The Labour Party has come up with a policy. But is it the vote winner Mr Corbyn imagines it to be?
A future Labour government, we are told, will provide free school meals to all primary school pupils. This will be funded by imposing 20% VAT on private school fees.
The current rules provide for children to be given free school meals if their parents can’t afford them. Those who can afford them are expected to pay for them. This strikes me as being fair and reasonable. After all, it is generally thought to be the duty of parents to feed their children. It doesn’t seem to me to be cruel to expect them to perform that duty when their offspring happen to be at school. Why does Labour think otherwise?
Various theories are doing the rounds. The charitable one is that Labour has concluded that children who do not eat a proper lunch will not perform as well academically as those who do. Some parents, it is said, can afford to pay for meals for their children but either do not do so at all or provide wholly unsuitable packed lunches (crisps and coke?). The state must therefore step in.
Then, it has been suggested, this is Labour making a pitch for the middle class vote. Reasonably well-off parents of state school children will flock to Labour if that party will relieve them of the burden of feeding their children during term time. There are, of course, other middle class parents, those who pay for their children’s education, who may not be so grateful to Labour for being told they must pay for other people’s children to be fed.

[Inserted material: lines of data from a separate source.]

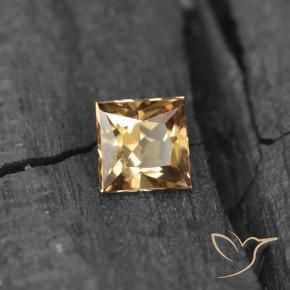 0.58캐럿 천연 골든 브라운 컬러체인지 가넷, 스퀘어, 4.4×4.3 mm, VVS-VS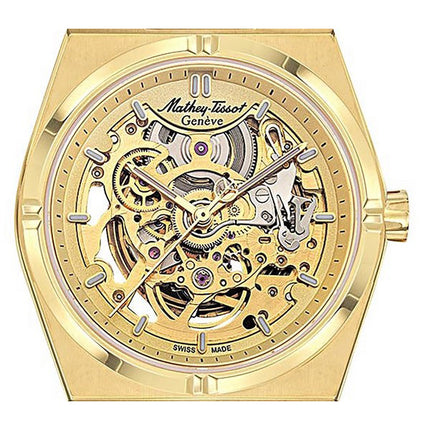 Orologio da uomo Mathey-Tissot Zeus Skeleton in acciaio inossidabile color oro con quadrante champagne automatico H118CFPDI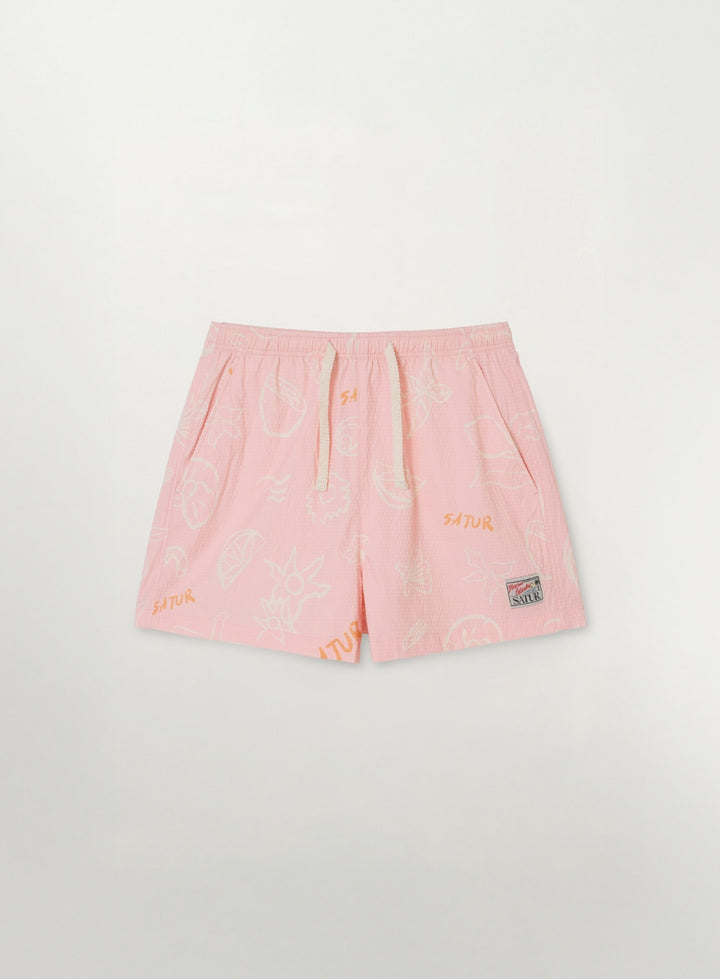 Satur (W) Hand Drawing Graphic Swim Shorts - Pink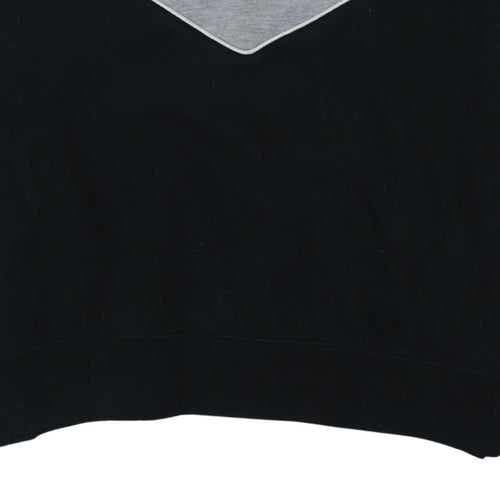 Fila Men's Black & Grey Pullover Hoodie Medium Logo Sweatshirt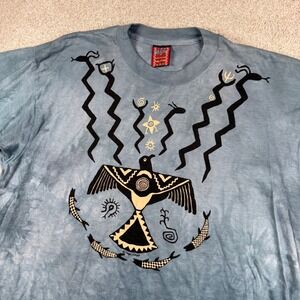 Dagoli T Shirt Mens XXL Blue Tie‎ Dye The Diviner Indigenous Art Graphic Tee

Nevertheless, it is true that there are more middle class children in state schools than in private schools, so that’s all right.
Another theory is that this is just a traditional Labour attack on private education. The average cost of sending a child to a private school must be in the region of £15,000 a year. That has to be paid out of taxed income. Between 20% and 25% of parents who send their children to private schools earn less, gross, than £50,000 a year. Increasing their fees from, say, £15,000 a year to £18,000 a year will probably be the straw that breaks the camel’s back: pupils at private schools will leave in droves and make their way to state schools. That, so the theory goes, will be a good thing because private schools are a bad thing and state schools are a good thing.
Let us take each theory in turn. The first one, the charitable one, is said to be based on the results of a pilot scheme in Newham and Durham. Labour claims that research into the scheme has demonstrated that free school meals for all “raise attainment”. In fact, it turns out, those responsible for the research have said it is far too early to make that claim. Anyway, it seems to me, there are other ways of ensuring children eat properly at school than making parents of privately educated children pay for the meals of state school children.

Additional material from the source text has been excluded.